Кривой Максим, стоявший позади начальства, в сторонке, снял картуз и мелкими шажками, словно подкрадываясь, подошёл к земскому и почтительно, тоненьким голоском проскрипел:
— Дозвольте, ваше сиятельство, доложить…
Становой быстро обернулся к нему, а земский, словно каменный истукан, стал к нему боком.
— Докладывай, Сусин! —прохрипел становой и шлёпнул себя нагайкой по голенищу. — Я знаю, ты не солжёшь.

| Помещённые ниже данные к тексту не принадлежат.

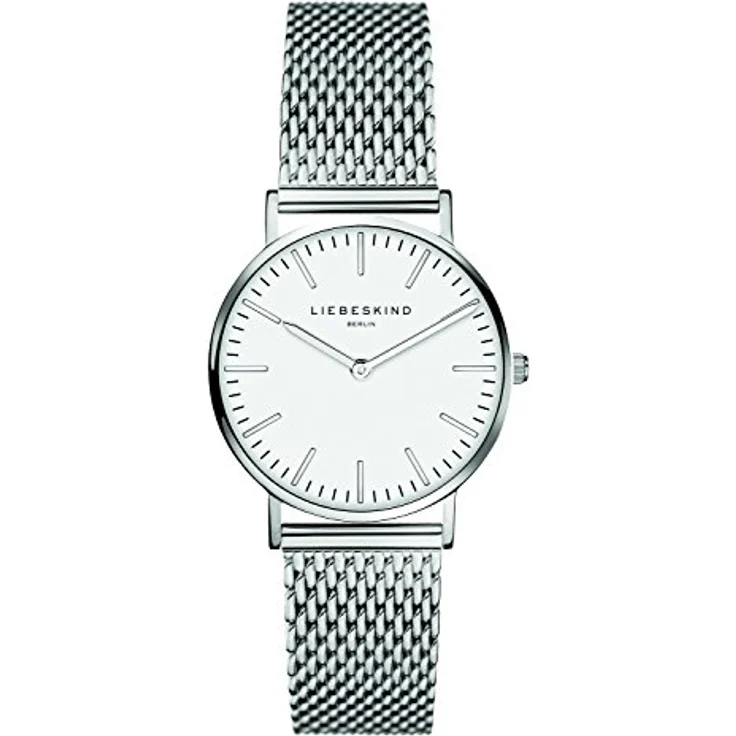 Liebeskind Berlin Damen Analog Quarz Uhr mit Edelstahl, 30 mm Gehäusedurchmesser, Easy-Change-System – Bild 1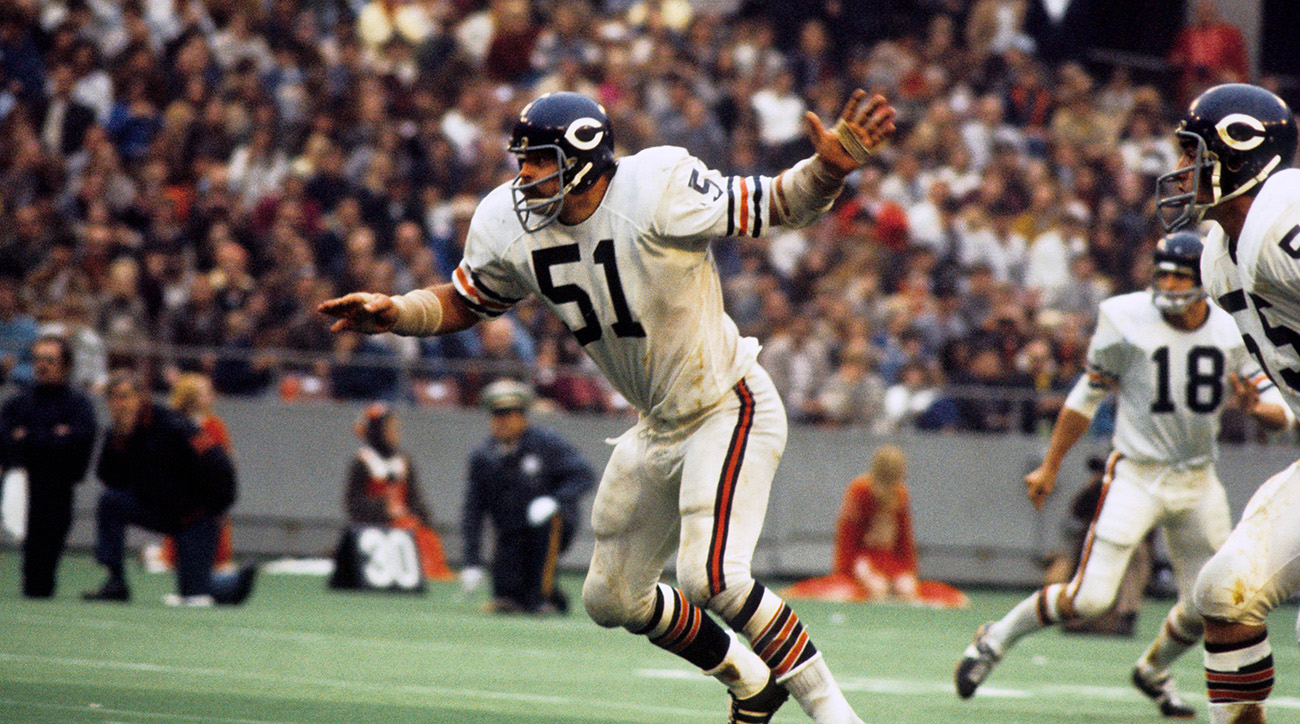 Former Bears linebacker and NFL Hall of Famer Dick Butkus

— Я на старости лет бегу от греха. Это вот шайка греховодников на самоуправство народ соблазнила…
— Кто? Говори!
— А вот тут они…ас ними и лобовые арбешники… да сдуру пристали к ;:им не то ли что голытьба, а которые были пахари да самосильны хозявы… Вон они!..
Он разгорячился и затрясся от злобы, а так как начальство слушало его внимательно и поощрительно, он задохнулся от мстительной радости и замахал руками. Становой грозно зарычал на него:
— Перед кем махаешь своими лапами? Стой чинно!
Но в этот самый момент Кузярь вскочил на колени, выхватил из кармана голыш и бросил его в Максима, а сам опять растянулся на досках. Максим схватился за бороду обеими руками и, низко нагнувшись, завыл по-бабьи и отвернулся. Миколька, задыхаясь от хохота, катался с боку на бок. На выходку Кузяря никто не обратил внимания, даже бабий вой Максима–кривого никого не встревожил: все следили за начальством и за Тихоном.
— Вот как я его прострочил! —ликовал Кузярь. — Кабы не я, он всем бы петлю на шею накинул.